Task to complete
The range runs from the line containing "Ralph lauren zip" through the last line of the material below; retype it exactly, leaving out the pictures.

Exercise data
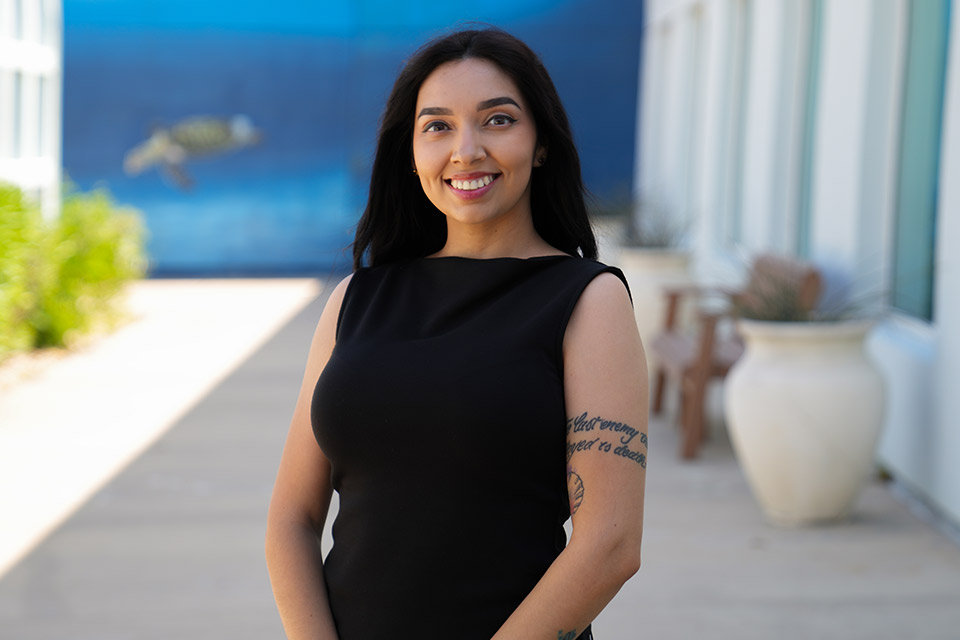A person wearing a sleeveless black dress stands outdoors along a walkway beside a modern building with large windows and potted plants. A blue mural featuring a sea turtle is visible in the blurred background, and a tattoo is visible on the person's upper arm.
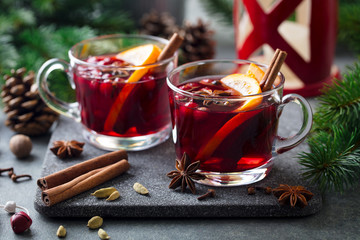 Mulled red wine with spices. Christmas decoration. Grey stone background. Close up.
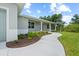 Inviting front porch and pathway with landscaping that leads to the main entrance of the home at 10237 Deerwood Ave, Englewood, FL 34224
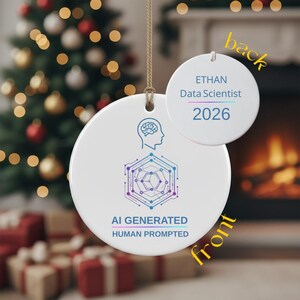 May include: A round white ceramic ornament featuring a blue and purple graphic of a human head with a brain and a geometric network. The text reads AI GENERATED HUMAN PROMPTED. The back displays ETHAN Data Scientist 2026 in blue and purple text.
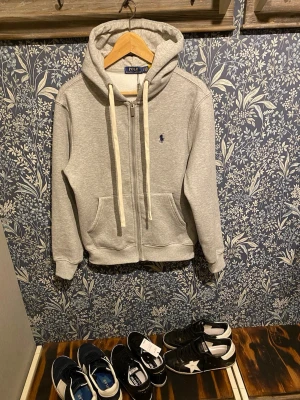 Ralph lauren zip - Grå zip-hoodie från Polo Ralph Lauren med broderad logga på bröstet. Klassisk och bekväm modell.  🧵Helt ny skick  📏 Storlek: M 🎨 Grå 🏷️ Original  Hör av dig vid frågor. Frakt inom 24h🚚🚚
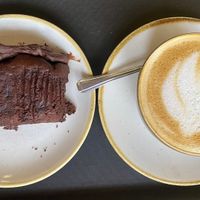 Chocolate and banana cake (vg) and oat flat white   at Cafe 3 Sixty in Newton Abbot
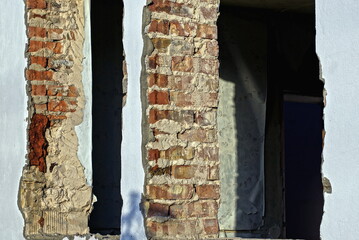 Sticker - ruins of an old building from a brown brick wall in white plaster on the street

Solution
 Ralph lauren zip - Grå zip-hoodie från Polo Ralph Lauren med broderad logga på bröstet. Klassisk och bekväm modell.  🧵Helt ny skick  📏 Storlek: M 🎨 Grå 🏷️ Original  Hör av dig vid frågor. Frakt inom 24h🚚🚚
 Chocolate and banana cake (vg) and oat flat white   at Cafe 3 Sixty in Newton Abbot
 Sticker - ruins of an old building from a brown brick wall in white plaster on the street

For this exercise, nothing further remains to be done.